The Federal Energy Regulatory Commission’s approval of the waivers allows Venice Gathering and affiliate Targa Resource Inc. employees to share information about the status of restoration efforts, coordinate joint operations and repair work, and to share employees to get the Venice Gathering system back to its pre-hurricane condition — without having to post every deviation of FERC’s standards of conduct on its website.

“Because it is necessary for all of these communications and activities to occur on a continuing basis, the requirement to log each individual deviation would be an extremely burdensome task that would further complicate these extensive restoration efforts,” Venice Gathering said in its Nov. 9 petition for emergency waivers [RM01-10, EY06-7, TS06-2].

“Venice Gathering points out that any potential risk of discrimination that may be associated with the waivers is mitigated by the fact that it currently is out of service, and the waivers will terminate when its system is restored to full operation,” FERC said in its notice granting the waivers of its posting and record-keeping requirements, which was issued on Nov. 28.

In addition, FERC approved a waiver of its requirement that Venice Gathering update information on its website to reflect certain organizational changes following the completion of Targa Resources’s acquisition of Venice Gathering’s managing partner, Dynegy Midstream Services Ltd., in October 2005 (see Daily GPI, Nov. 1). Houston-based Targa was formed in 2003 by management and Warburg Pincus, a global private equity firm.
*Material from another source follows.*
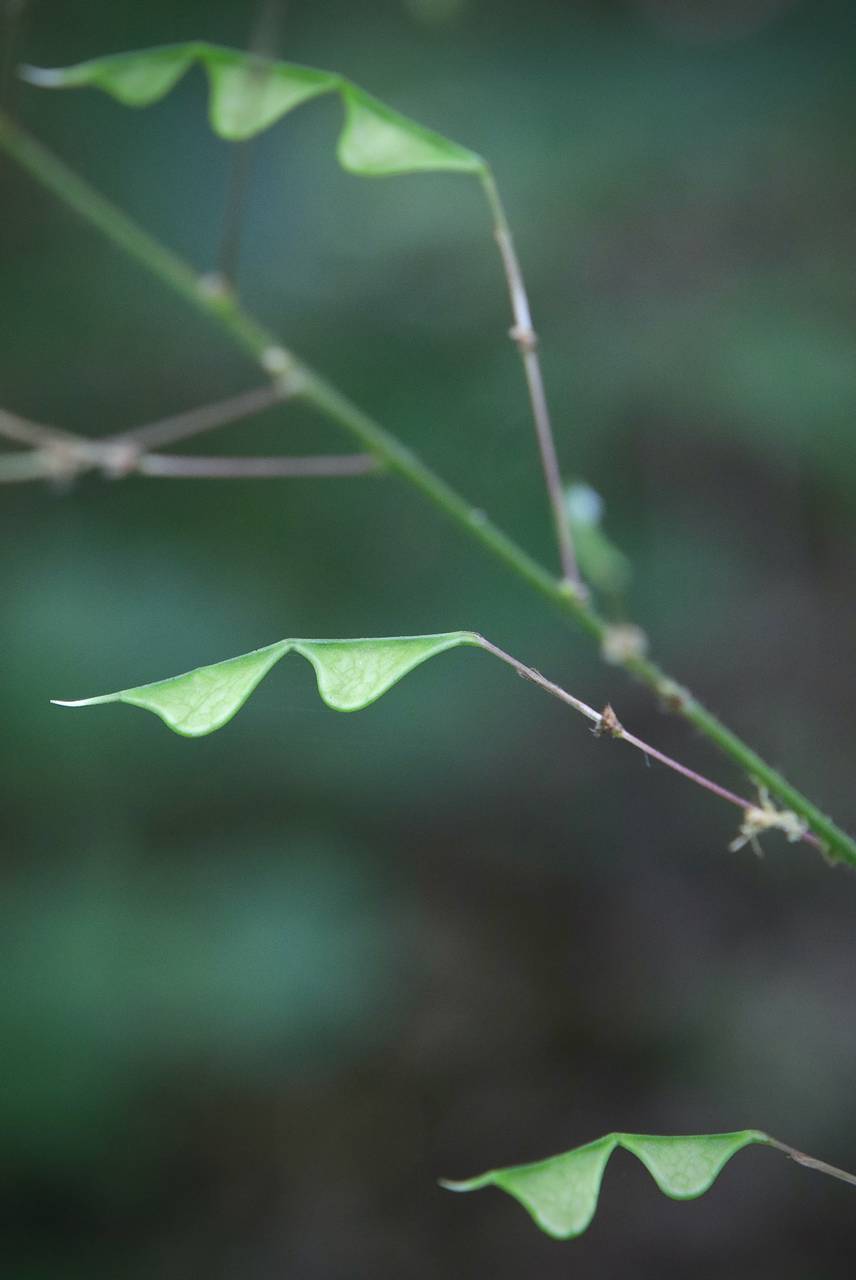 Photo of Naked-Flowered Tick Trefoil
“Due to the substantial allocation of resources to the [Venice Gathering] and Venice [Processing] Plant restoration, as well as Targa’s other ongoing restoration work to its facilities damaged by Hurricanes Katrina and Rita along the Louisiana Gulf Coast, Targa has only limited resources available to gather the information necessary to update its website information for acquisition-related changes,” Venice Gathering said in its waiver request.

Venice Gathering “expects that by Dec. 31 of this year, it will have completed all of the updates to its public website that are necessary due to the recent Targa acquisition. In addition, [it] expects that it will be in a better position by that time to estimate the extent and timing of the work necessary on its own facilities and on interconnecting facilities to restore the [gathering] system to full operation,” the company told FERC.

The Commission approved the waivers until the earlier of the end of the gas day on Dec. 31 of this year, or the date on which the Venice Gathering system has returned to full pre-hurricane operation.

Venice Gathering gathers gas from offshore Louisiana fields and delivers the production to the Venice processing facility, which it operates. The Venice processing plant still has no ability to process or dehydrate gas three months after Hurricane Katrina struck. The Venice Gathering system suffered “significant damage” in the same storm, the company said.

All of the capacity upstream of the Venice system (219 MMcf/d) remained shut in as of Thursday, according to a daily report from Denver-based consulting firm Bentek Energy.